Thirsty: Blind peer review

But Doktor Snarky,
vee are already fameeliar
with this scholarship! In vact,
we are using it in
our own monograf!
Q. If you sent an article out for blind peer review, and it had the exact same title as a conference talk you had previously given, would you remove that conference talk listing from your faculty web page?

Or would you just not care that your blind peer reviewer could google you in a nanosecond?

A. Go on, reply below.


  1. I would not bother. Blind peer reviewers can often find out who you are by opening up the "Properties" menu in Microsoft Word.

    But then again, I don't worry too much about sabotage. Perhaps my career isn't worth sabotaging...

  2. In my field, it would be very easy to figure out for most of my papers who I am. There just aren't that many people working on certain topics.

    Besides, the conference programs will probably show up independently of my online c.v.

    Changing the title might help, depending on the field.

  3. I suspect there's a pretty good chance the peer reviewer was at the conference and knows your work anyway.

  4. No need to delete it. Proffies don't know how to do this new-fangled "Google" thing. All undergrads know that. It's why we can never catch them when they cut-n-paste from Wikipedia.

  5. According to the silverbacks, "blind" peer review is rarely blind.

  6. "No need to delete it. Proffies don't know how to do this new-fangled "Google" thing. All undergrads know that. It's why we can never catch them when they cut-n-paste from Wikipedia."
    - Dude the Obscure

    If the punishments were more severe, maybe the little shits would do their own work. Start hacking off thumbs and things would change.

  7. Some people, for the sake of full disclosure, add a footnote to the title on the lines of "a first version of this paper was delivered in the Fruitbat Studies International Conference."

  8. FWIW, I'm not the author--I'm the googling peer reviewer. (Only when a piece is particularly stunning or particularly terrible, of course; that's when curiosity gets the best of me.)

  9. I'm pretty sure the Chronicle doesn't mind us just using their graphics.

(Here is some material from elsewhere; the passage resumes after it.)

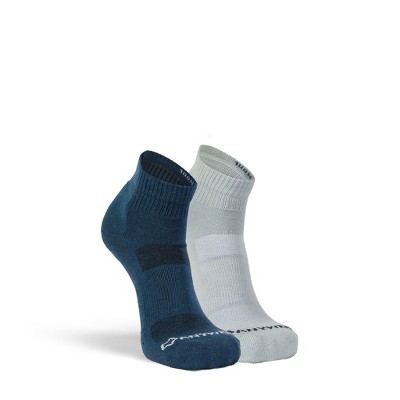 Anywear Essential Lightweight Quarter Crew Sock - 2 Pack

    Or, they do and I'm being an ass about it.

  10. This is actually a drawing by James Yang that was used in Paradigm magazine, but Yang is a frequent illustrator for the Chronicle.

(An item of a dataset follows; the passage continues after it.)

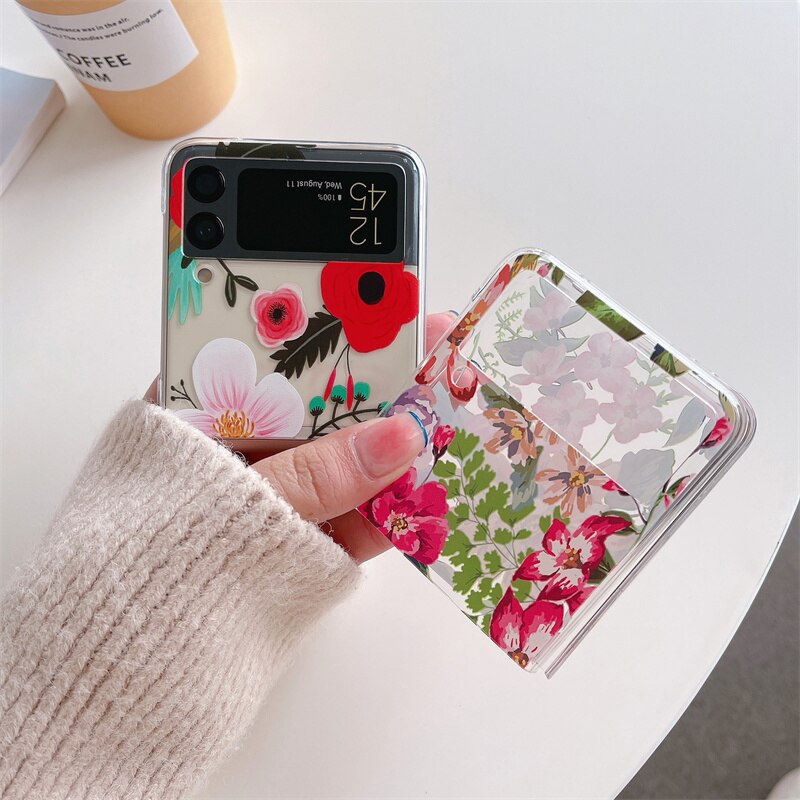 Flower Painting Case For Samsung Galaxy Z Flip Series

    I encourage folks - again, please - NOT to use graphics that belong to someone else. RYS and CM have always tried to edit, merge, obscure, futz with any graphics we've used on the sites.

    This graphic is even used without credit.

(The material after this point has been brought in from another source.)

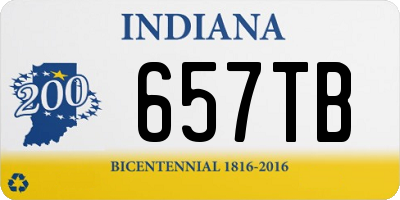 IN license plate 657TB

  11. Well. I'd edit the post to delete the image, but Blogger is broken.

    Fab, if you have an image policy, put it in the Rules of Misery. I'm not a mindreader, and I don't read every post here, but I do respect the rules.

    I mean, seriously.

  12. I'm sorry Snarky. I've commented on the policy several times, but you're right that it is not in the rules. I apologize that I've mentioned it to you poorly. I'm trying to protect the blog, and it's not personal in any way.